Students: North America’s latest mining boom – by Julie Gordon (Mineweb.com – April 16, 2012)

www.mineweb.com

With skilled labour in severely short supply, mining companies are paying over the odds for new skills and students are flooding to mining schools in a bid to get a piece of the action.

(Reuters)  –  When Travis Howard started his degree at the Colorado School of Mines four years ago he decided to pursue a double major in mechanical engineering and metallurgy to give himself the best chance of landing a high-paying job when he graduated.
 
Turns out he had nothing to worry about. The 21-year-old, who dropped his mechanical classes to focus on mining after his second year, has accepted a job with Kinross Gold Corp at a starting salary of $64,000 a year plus bonuses.
 
With graduation still a month away, “pretty much everyone is sitting on an offer or two,” said Howard of his classmates, adding that some students were juggling four or five offers.
 
In fact, students at the Colorado School of Mines are some of the most employable in the country – 94 percent of 2011 graduates from the mining engineering, metallurgy and materials, geological engineering, and geophysics programs have jobs.
 
The average starting offer across the four departments was $65,868 a year, well above the $42,569 median that the National Association of Colleges and Employers expects first-time job seekers with college degrees to command in 2012.
 
The sky-high starting wages for fresh graduates highlights the difficulties faced by mining and exploration companies to find and retain skilled labor.
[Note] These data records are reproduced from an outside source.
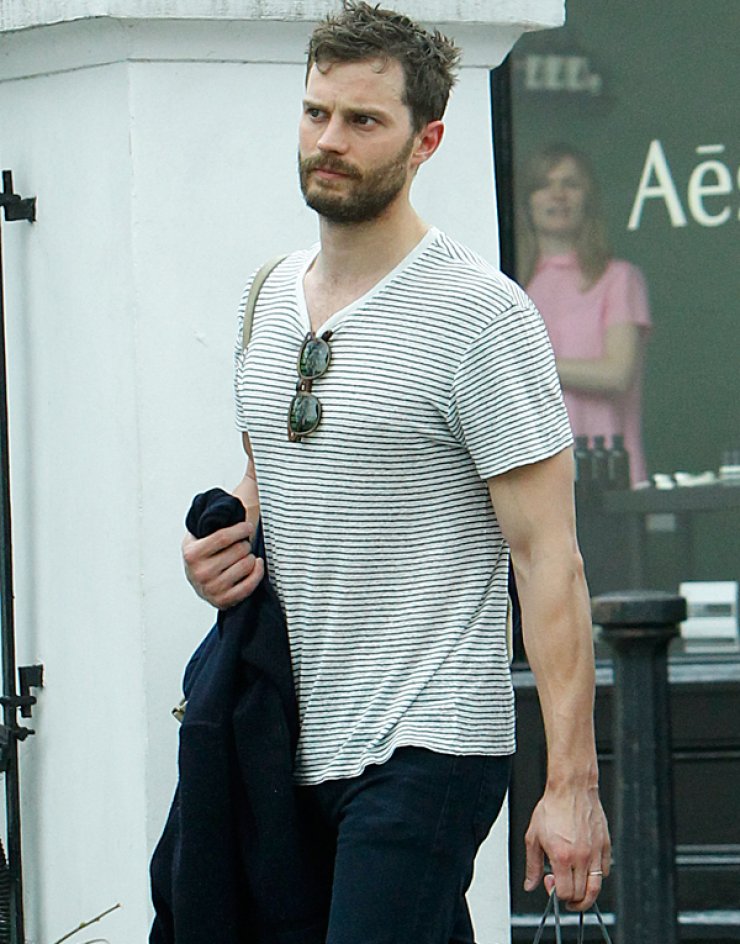 Δείτε τον καυτό πρωταγωνιστή του ‘’50 shades of grey’’ μετά το γυμναστήριο [εικόνες]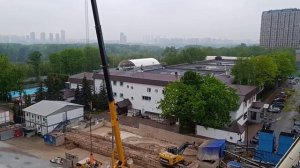Обслуживание проходки ТПМК Лилия на площадке Серебряный Бор Рублёво-Архангельской линии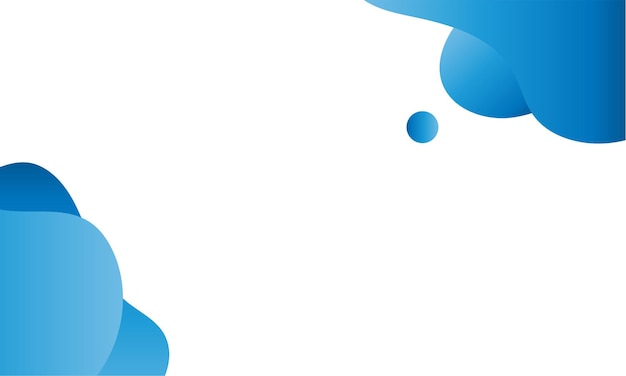 abstract fluid background with colorful gradient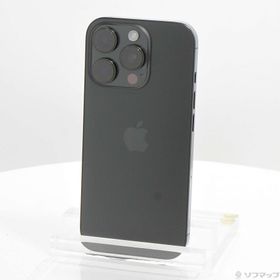 (中古)Apple iPhone16 Pro 128GB ブラックチタニウム MYMV3J/A SIMフリー(297-ud)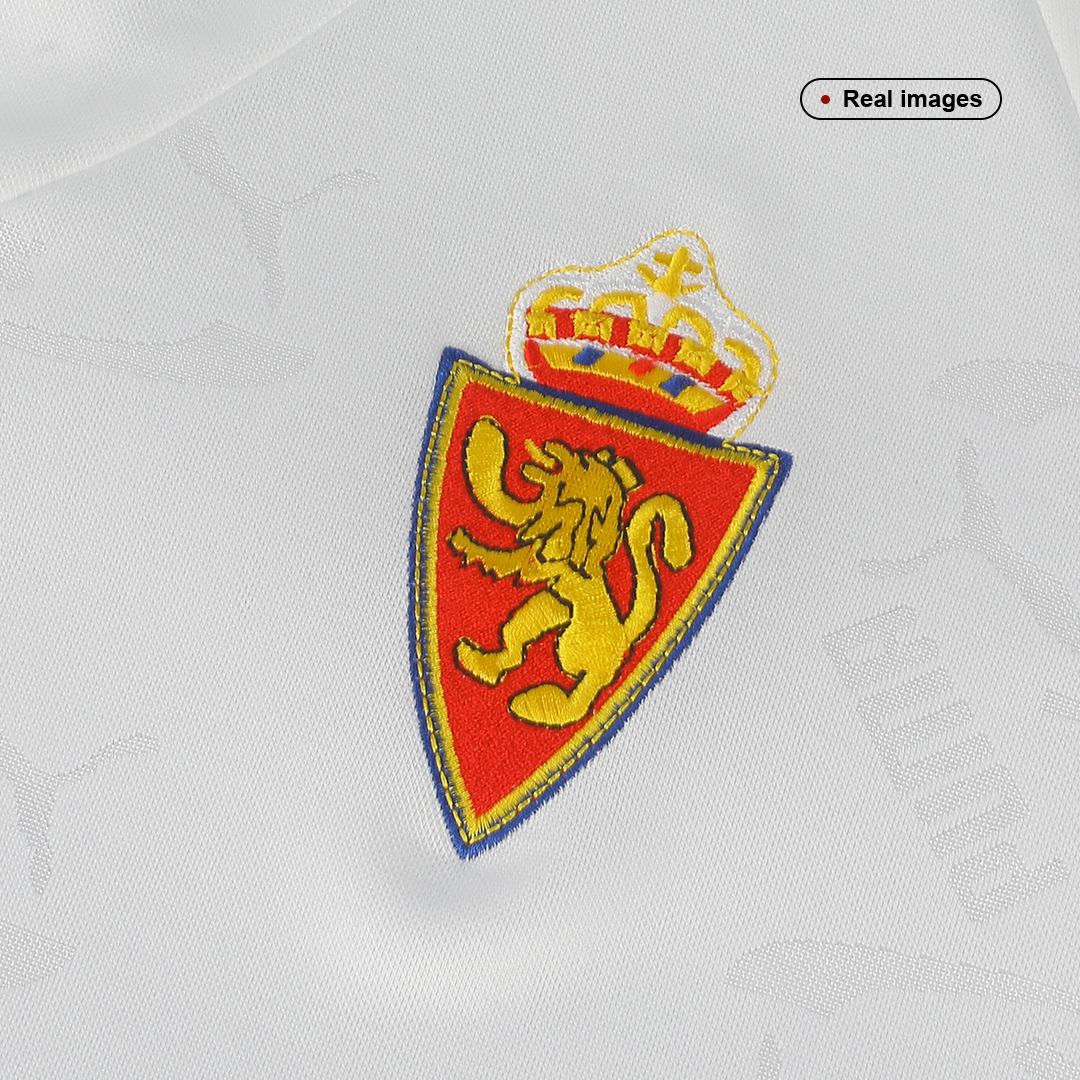maillot Real Zaragoza 1994/95 domicile blanc Retro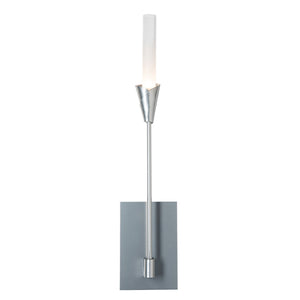 Hubbardton Forge - 201700-SKT-85-WC0821 - One Light Wall Sconce - Lilium - Sterling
In fact, mining CEOs often cite the labor crunch as their No. 1 cost pressure.
 
The problem is rooted in the low metals prices of the 1990s, when gold was worth $350 an ounce, and mining was the last choice for engineering and science students.
 
“When the mining industry was not in vogue, the colleges didn’t get the numbers coming in,” said Nick Eastwood, president of MinSouth and a consultant at Hunter Personnel. “So they shut their courses and got rid of the people who taught it.”
 
Fast-forward two decades, gold is worth more than $1,650 an ounce and there is a yawning shortage of mid-career professionals. The problem will get worse over the next decade, as the current crop of senior engineers, geologists and mining executives retires.
 
“When they go, the replacements just aren’t there,” said Eastwood, adding that most people working in the industry now are either aged 50 or more, or have less than five years experience. “There’s a leadership problem looming.”
 
The risk is that companies will end up simply not having enough skilled people to staff their project pipelines, and that could mean some will never come to fruition.
 
If new mines are shelved, it would put more pressure on the world’s current metal resources, and that could send commodity prices, already near record levels on demand from rapid urbanization in China and India, even higher.
 
For resource-rich countries such as Canada, Australia and Chile, along with developing nations such as Mexico and Ghana, fewer mines equates to lower royalties, fewer jobs and tax shortfalls, denting public coffers.
 
OPPORTUNITY KNOCKS
 
The prospect of a fast-tracked career and a hefty starting salary has students flocking to mining schools. The Colorado School of Mines, which also offers a range of non-mining science and engineering degrees, gets more than 11,000 applications each year and accepts less than 1,000 students.
 
In Canada, admissions to the top mining schools have nearly tripled in three years, helped by salaries that can be even higher for graduates who move abroad. Recruiters say six-figure starting rates are increasingly common in Australia, where mid-career engineers make more than $200,000 a year.
 
Indeed, the job market there is so hot that Australia has loosened its immigration policy to allow more highly skilled mine workers in on short-term visas, a type of reform that Canada is also considering.
 
“Ten years ago we were lucky to have one or two students applying,” said Ferri Hassani, a professor of mining engineering at McGill University in Montreal. “In some years it was that bad. But this year alone 250 people have applied to mining.”
 
But the rising supply of students brings its own problems, as bigger classes means more competition for the limited number of summer jobs in the field.
 
“We’re all looking for those four-month roles,” said Omar Aboulezz, a third-year mining engineering student at Queen’s University in Kingston, Ontario. “There’s a lot of students here who still don’t have summer jobs.”